„Elizabeth, mach' mir noch schnell ein paar Krüge mit Bier, die Leute saufen heute, als wenn es kein Morgen mehr gäbe.“
William Golden wischte sich den Schweiß mit dem Handrücken von der Stirn. Es war ein warmer Tag in London und - viel schweißtreibender - seine Schänke „Golden Kingsbridge“ war bis auf den letzten Platz gefüllt.
„ELIZABETH! Wo steckst Du denn? Ach, da bist Du ja. Du denkst daran, dass Du Dich nicht nur um die gut aussehenden, jungen Männer kümmerst, nicht wahr?“ Elizabeth errötete und warf einen Blick zu dem Edelmann, der ganz hinten links in der Ecke saß, DAS war einmal ein Mann, dieser feine Wams, diese gepflegte Erscheinung, ganz bestimmt kam er nicht aus England, nein, dafür war er viel zu vornehm. Vielleicht ein Händler aus Italien, vielleicht sogar ein Fürst oder Graf...
„Herrgott, Elizabeth, steh' nicht 'rum und tagträume, der Pfaffe dort gleich neben der Küche, der wartet schon auf seinen Krug. Geh' und bring ihm sein Dunkles.“
William selbst brachte eine dampfende Schüssel zu einem Mann, der an seinem wunderlichen Akzent ebenfalls deutlich als Fremder zu erkennen war, vermutlich ein Deutscher, er hatte gehört, dass die aus dem Süden Mengen an Bier und Essen in sich hinein schaufeln konnten und da war er ja bei ihm genau richtig.
„So, werter Herr, wie gewünscht eine Spezialität des Hauses: Kidney Pie. Meine Mary legt die Nierchen selber ein, ganz 'was feines. Besseres werden Sie in ganz London nicht finden.“ Voller Erstaunen sah er, wie der Fremde den Krug in einem Zug leerte. Hm, so einen Zug am Leib sah man hier selten, dachte William verblüfft, alle Achtung. „Elizabeth, mehr Bier...ELIZABETH...“
Scheu lugte Elizabeth während dessen um einen Pfeiler herum auf eine ungewöhnliche Gesellschaft an einem der größeren Tische.
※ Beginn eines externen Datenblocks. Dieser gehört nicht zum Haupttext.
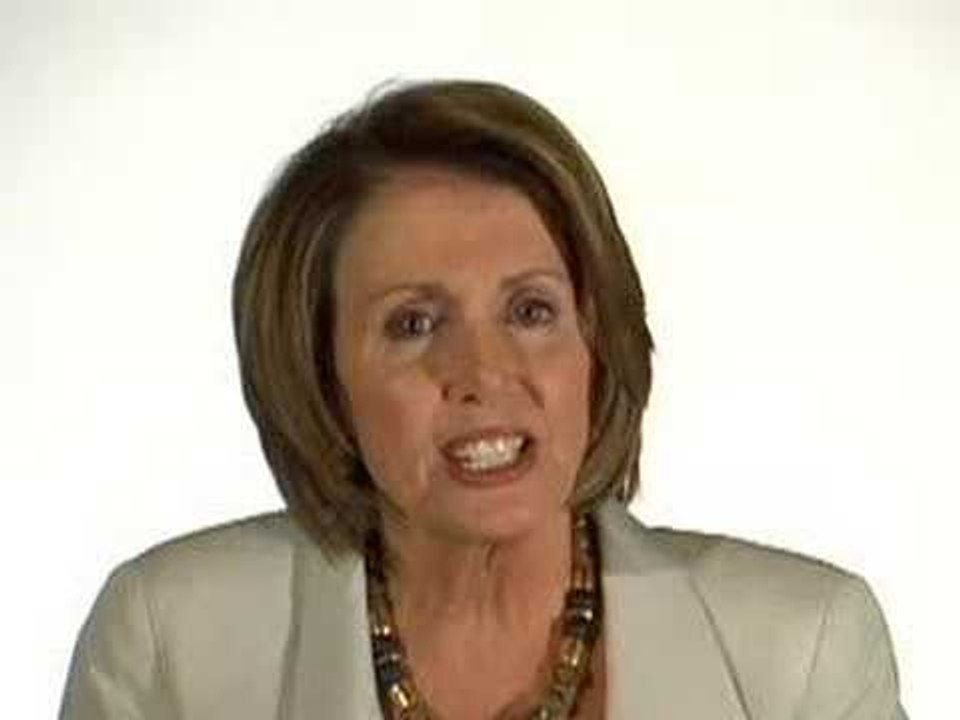Nancy Pelosi talks about working with John McCain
Alle waren mit dunklen Mänteln bekleidet, ja fast verhüllt. Darunter konnte man feinstes Tuch erkennen. Sie sprachen sehr leise miteinander, so als wenn niemand hören sollte, was sie sprachen. So feine Leute sah man hier selten in diesem Viertel am Hafen. Sie wunderte sich...und hörte schon wieder ihren Vater rufen... „Der reinste Kerkerknecht...“, seufzte sie bei sich und stieß beim Umdrehen mit einem weiteren Gast zusammen.
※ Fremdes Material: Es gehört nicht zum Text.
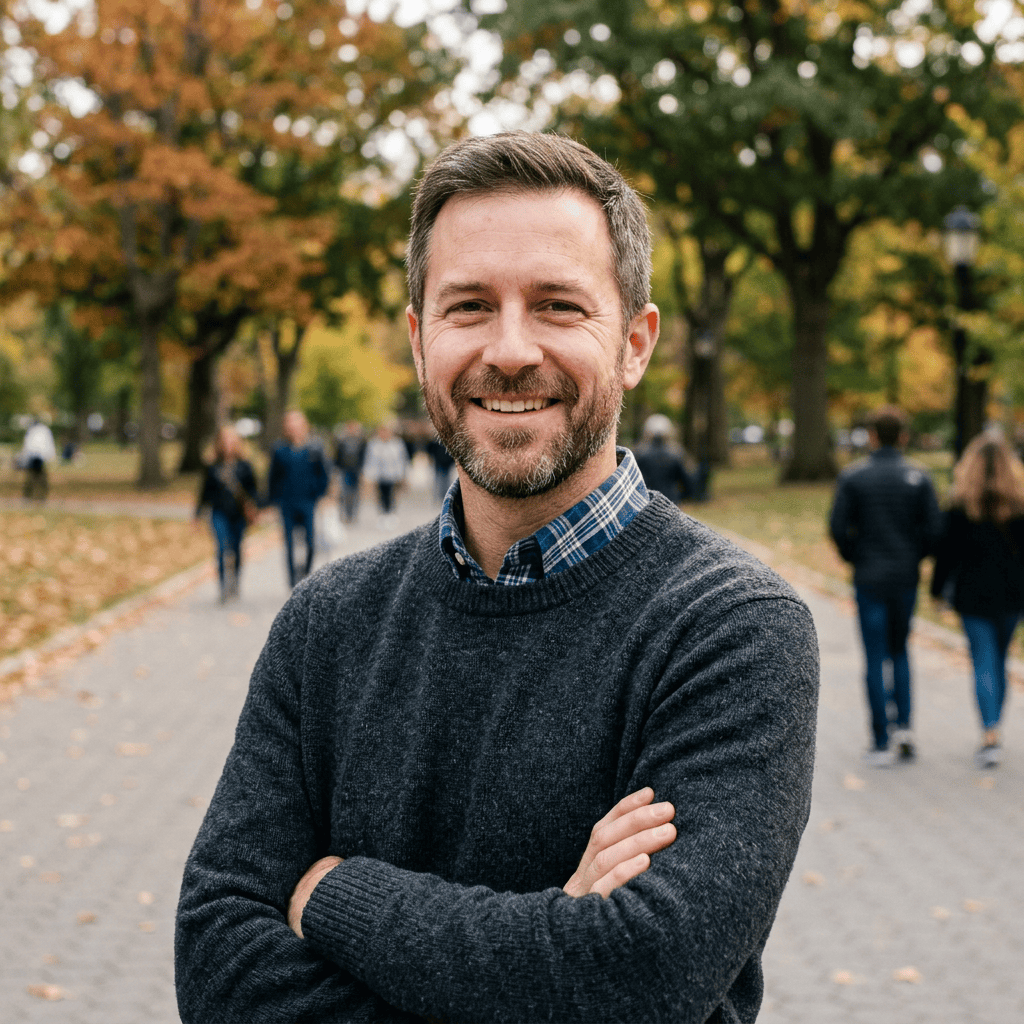 Portrait of a 40-year-old man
„Oh, Herr, verzeiht, entschuldigt, ich bin untröstlich…“ stammelte das Mädchen. „Ich hatte schon unangenehmere Kontakte in diesem Viertel, weitaus unangenehmere.“, erwiderte der Mann mit einem lässigen Grinsen. „Bringt mir Wein, junge Dame, dort hinten zum Fenster.“ Elizabeth nickte eifrig und eilte zur Theke, herrje, sind hier denn heute nur so gut aussehende Männer im Haus?! Groß gewachsen, dunkle Haare, schon wieder ein Südländer, hm, sie schmachtete auch diesem hinterher.
Plötzlich sprang die Tür auf und eine große Anzahl von bewaffneten Männern drang in die Schänke ein. Ein großer Mann rief: „Nieder mit dem König!“ Seine Gefolgsleute stimmten in lautes Gejohle an und der ganze Tross bewegte sich in Richtung des großen Tisches mit der geheimnisvollen Gesellschaft. „Da sitzt der Hurensohn! Ergreift ihn!“ rief der Anführer.